• Exercise goal: Once the pictures are set aside, reproduce all of the records exactly.

• Information provided:
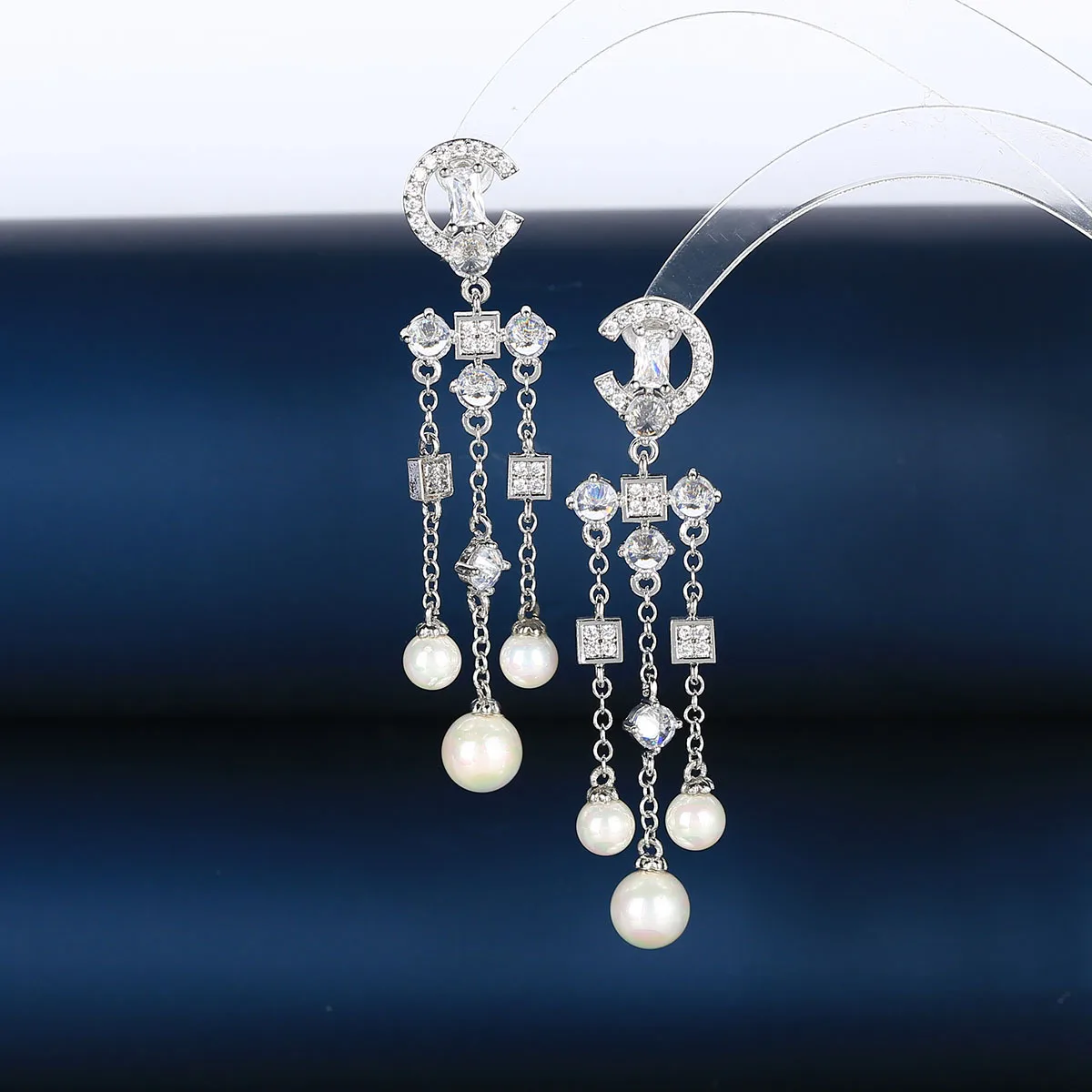 New tassel pearl earrings luxury high-end banquet long wedding jewelry romance lady accessory
New tassel pearl earrings luxury high-end banquet long wedding jewelry romance lady accessory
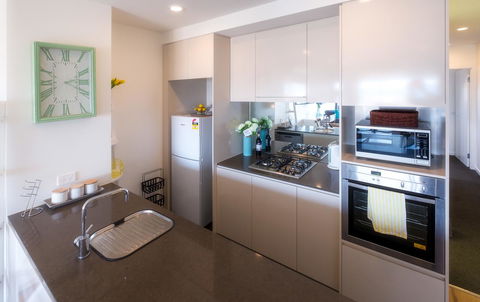 Waterfront Apt 234 Marinaquays - Accommodation Port Hedland 10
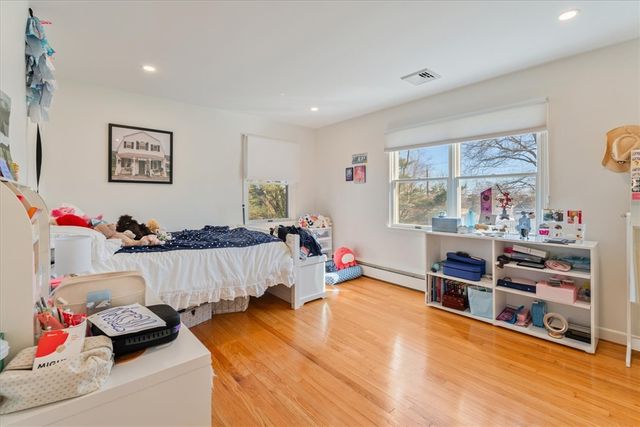 98 Hargraves Drive, Portsmouth, RI 02871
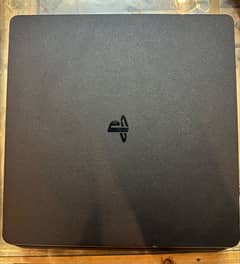 Ps 4 slim 1 tb 10/10 condition with 2 controllers and 3 games cds 0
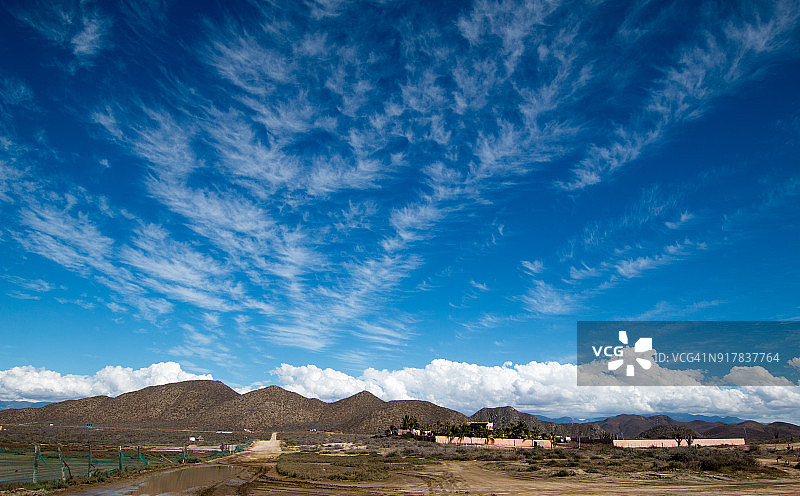 西瑞多斯海滩-下加利福尼亚-墨西哥上空的卷云图片素材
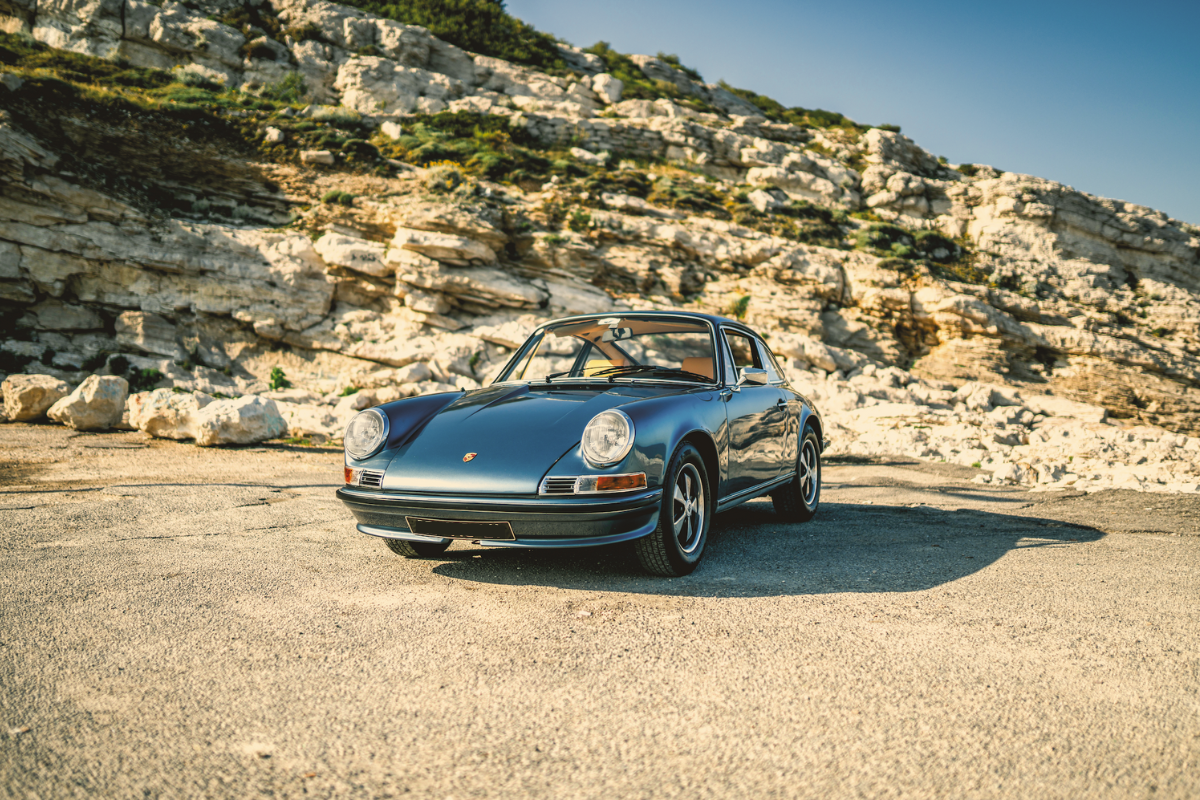 Porsche 911 2 4 t flat 6 magazine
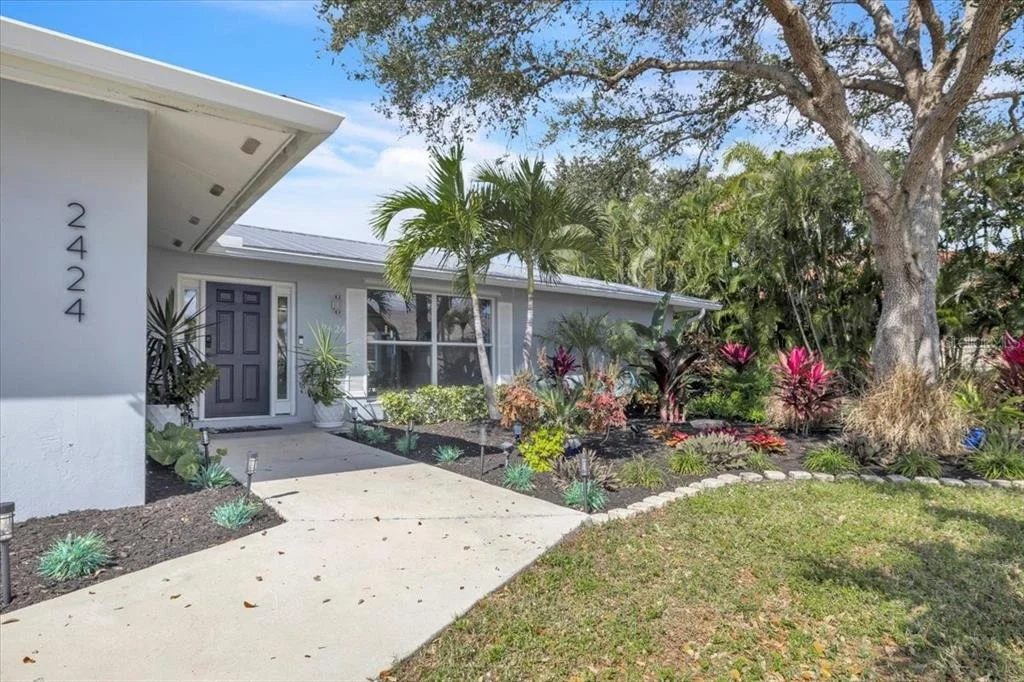 Photo of 2424 ROSA LANE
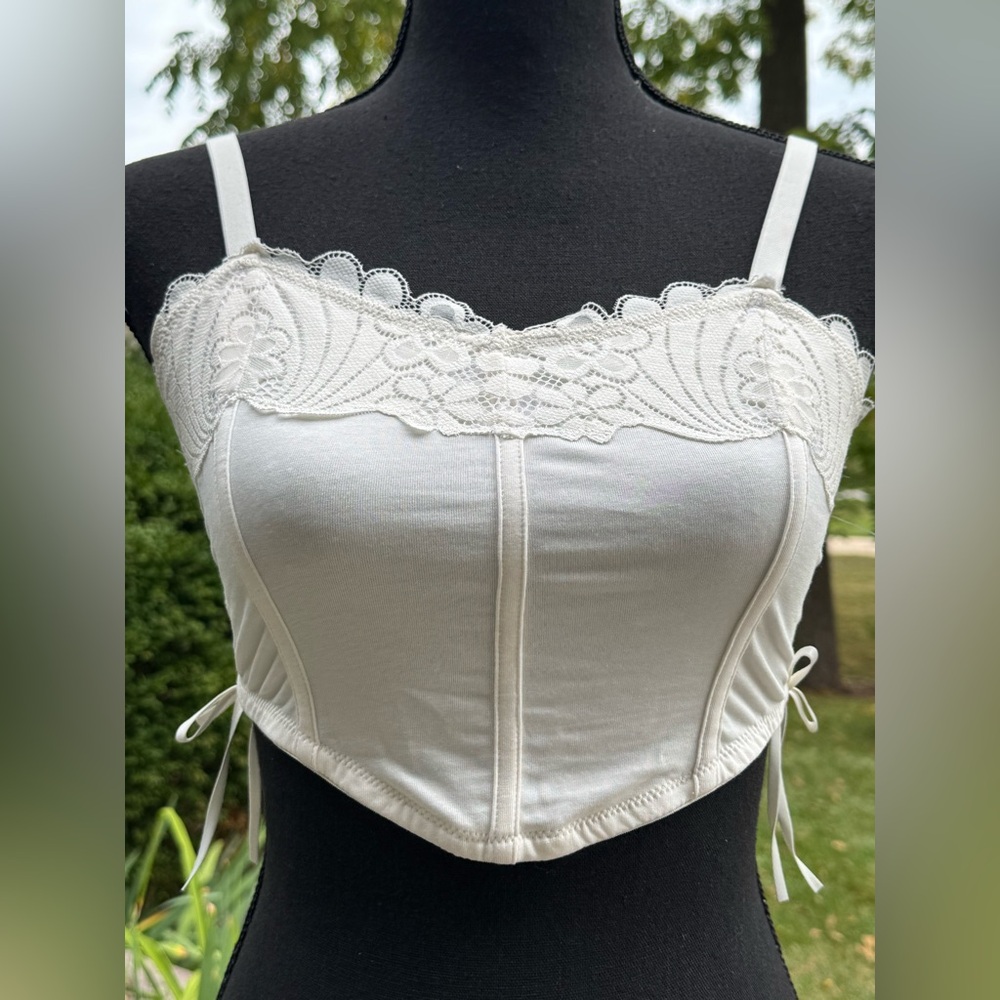 Colsie White Lace Bustier Crop Bra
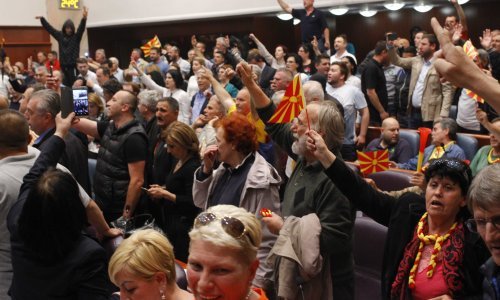 Xhaferi zasjeo na čelo Sobranja i u kabinet ponio albansku zastavu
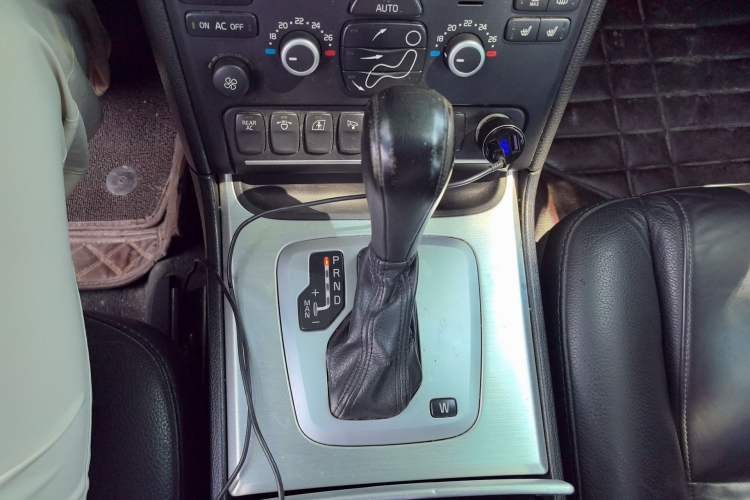 Used Volvo XC Classic 2014 T5 Luxury Edition Gear Lever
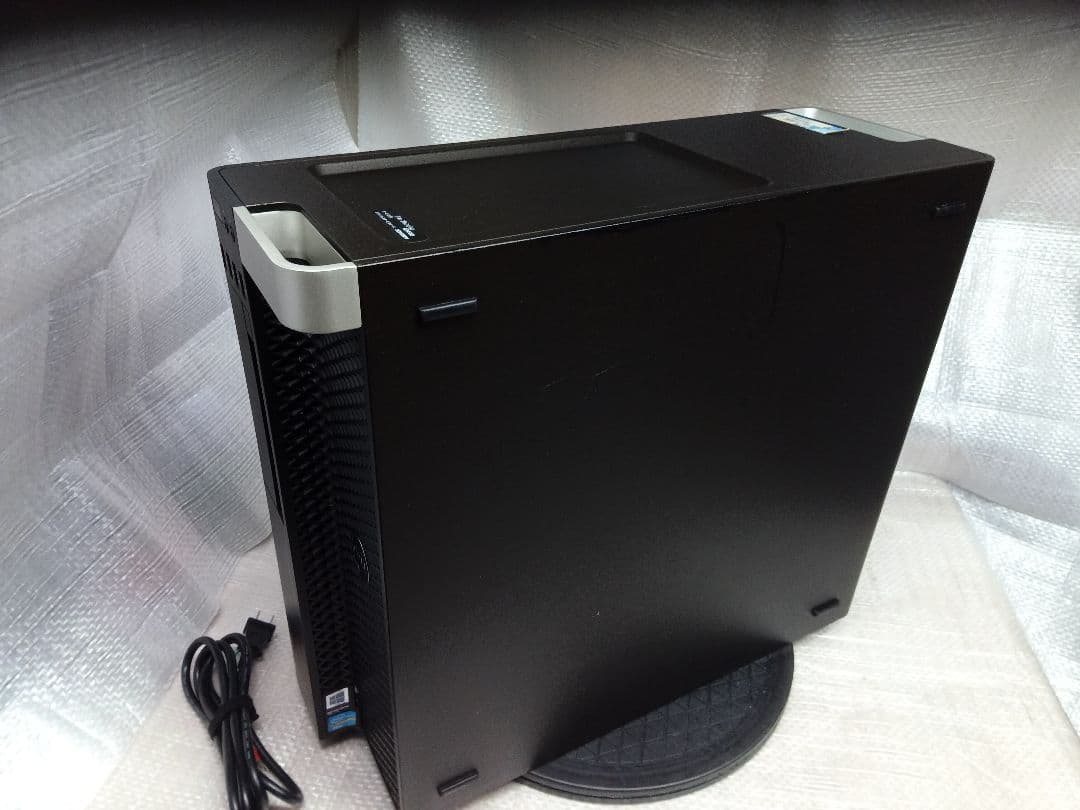 Dell Precision T3610 Win11　25H2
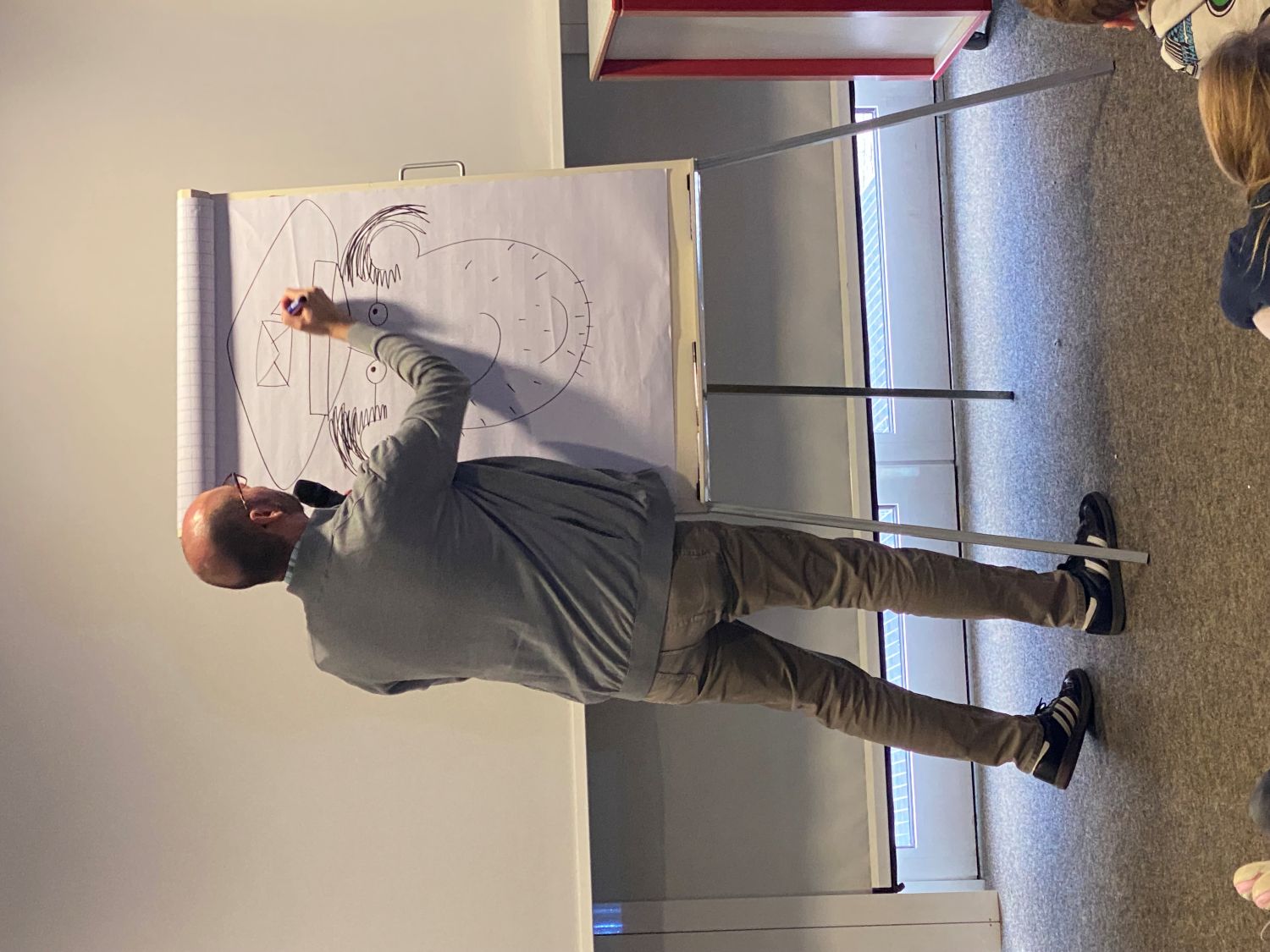 Autor Alexander Steffensmeier besucht mit „Lieselotte“ die AKS
- Bild 04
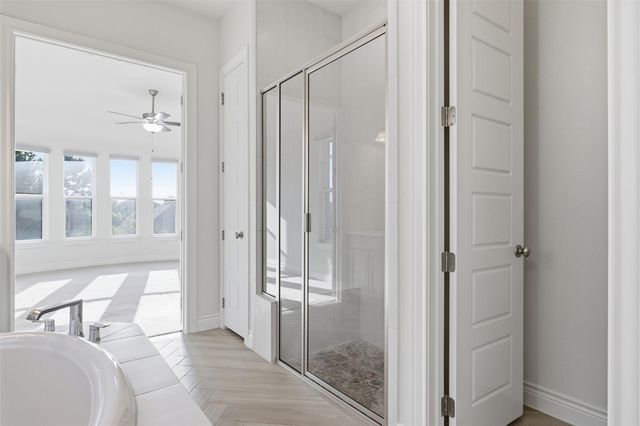 905 Almeria BND, Leander, TX 78641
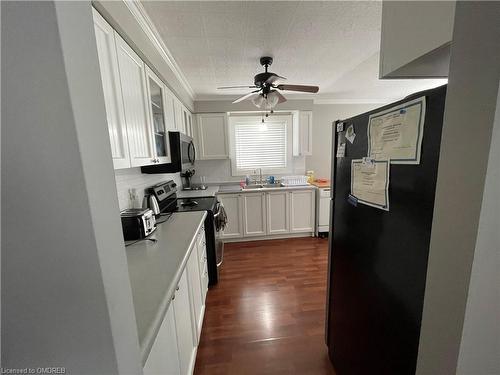 1 Bdrm-86 Commerford Street, Thorold, ON - Indoor Photo Showing Kitchen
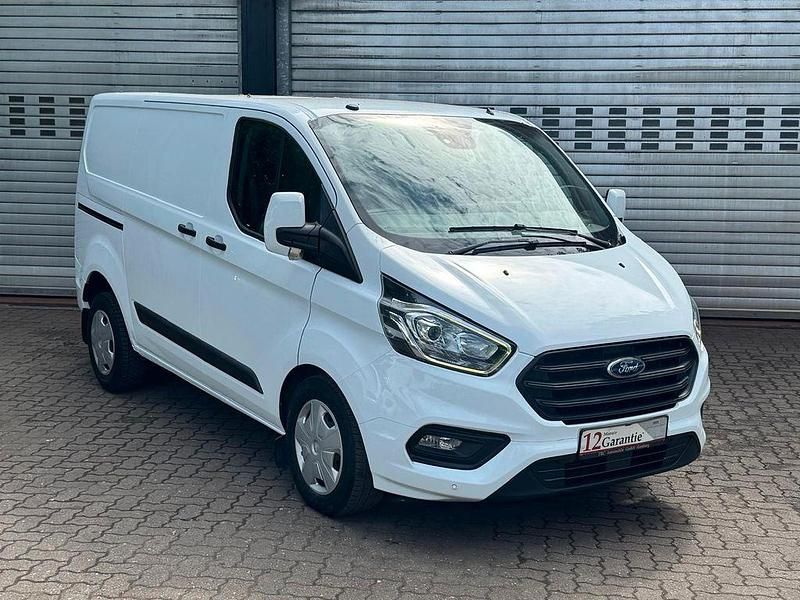 Gebraucht Ford Transit Custom Trend 131 PS (96 kW) 2018 Weiß Van / Kleinbus
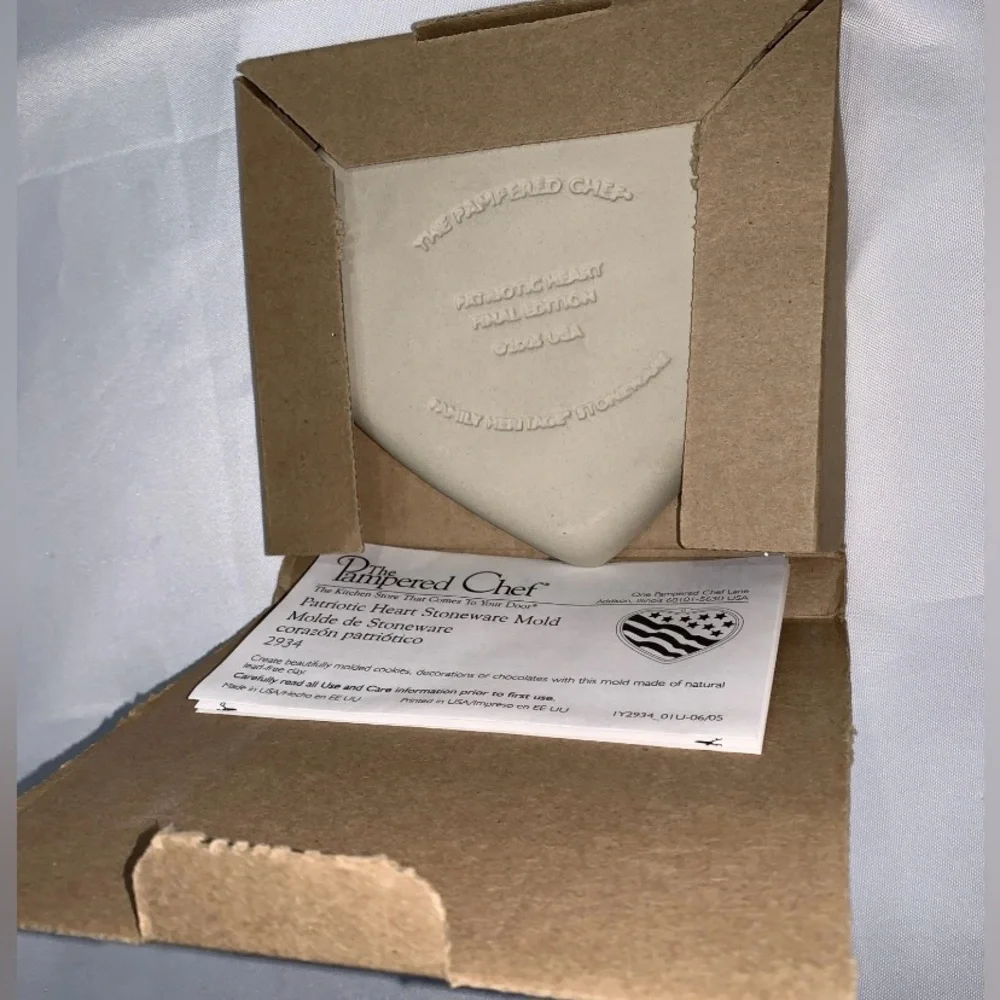 Pampered Chef Valentine’s Beige Patriotic Heart Stoneware Cookie Treats Mold NIB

• Task solution:
 New tassel pearl earrings luxury high-end banquet long wedding jewelry romance lady accessory
New tassel pearl earrings luxury high-end banquet long wedding jewelry romance lady accessory
 Waterfront Apt 234 Marinaquays - Accommodation Port Hedland 10
 98 Hargraves Drive, Portsmouth, RI 02871
 Ps 4 slim 1 tb 10/10 condition with 2 controllers and 3 games cds 0
 西瑞多斯海滩-下加利福尼亚-墨西哥上空的卷云图片素材
 Porsche 911 2 4 t flat 6 magazine
 Photo of 2424 ROSA LANE
 Colsie White Lace Bustier Crop Bra
 Xhaferi zasjeo na čelo Sobranja i u kabinet ponio albansku zastavu
 Used Volvo XC Classic 2014 T5 Luxury Edition Gear Lever
 Dell Precision T3610 Win11　25H2
 Autor Alexander Steffensmeier besucht mit „Lieselotte“ die AKS
- Bild 04
 905 Almeria BND, Leander, TX 78641
 1 Bdrm-86 Commerford Street, Thorold, ON - Indoor Photo Showing Kitchen
 Gebraucht Ford Transit Custom Trend 131 PS (96 kW) 2018 Weiß Van / Kleinbus
 Pampered Chef Valentine’s Beige Patriotic Heart Stoneware Cookie Treats Mold NIB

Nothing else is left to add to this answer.